Christian Marrone brings his trio to Best Video Performance Space on Thursday, Mar. 7, for a show with Ghostwoods. The music starts at 8 PM and the cover is a sliding scale of $5-10 (pay what you want in that range).

Originally from the New Haven, Connecticut area solo artist Christian Marrone fuses social commentary in the tradition of Woody Guthrie and Bob Dylan with the riffs and melodic hooks of The Ramones and The Replacements, to deliver urgent and anthemic message music. His forthcoming full length album “Don’t Sell Me Your Hate” (out in early April), is an 11-song adventure through his roots of Rock, Folk, Punk, and even Alt-Country. His lyrics shine for being honest and heartfelt, while carrying tongue in cheek humor and a healthy dose of snottiness; the emphasis always being on the message and the story.

From starting his first band at 12 years old and performing at the legendary Toad’s Place the same year, Christian has since fronted many original bands throughout his teenage years and twenties. In that time he’s shared the stage with international acts such as Murphy’s Law, nineties alt-rockers Local H, as well as members of Morphine, WEEN and Sound of Urchin. Playing first throughout southern Connecticut, he has since moved on to perform at the venues of New York’s East Village, as well as making festival appearances in the Catskills and the greater Boston area.

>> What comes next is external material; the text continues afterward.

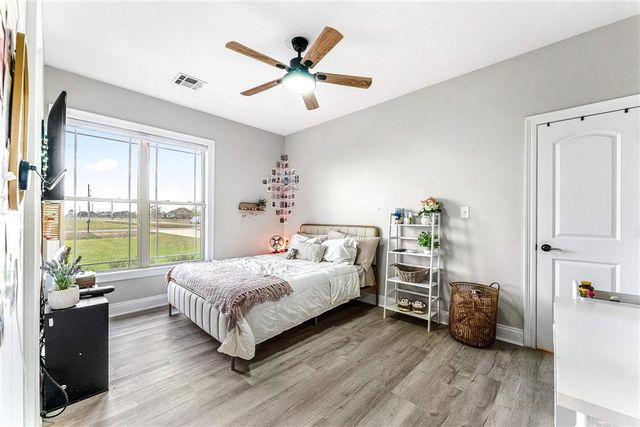 24000 N Prairie Way, Iowa, LA 70648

Now performing with a solid back-up band and solo acoustic, in his recent years he’s opened for punk rock legends Grant Hart (Husker Du), Jonny Two-Bags (Social Distortion), Tim Barry (AVAIL), Jesse Malin, as well as current folk/punk greats Dave Hause, Cory Branan, Two Cow Garage, Micah Schnabel, and Hamell on Trial. Keep an eye out for a music video for the title track of his album “Don’t Sell Me Your Hate” and 2019 tour dates.

Ghostwoods is a new project, from members of Breakthrough Frequencies, The Lively, and Yuppy Flu. Shows and music coming in 2019. Ghostwoods is an indie rock band from CT with influences all over the map. Their first single “New Leaves” will be out in early 2019 with a debut album to follow.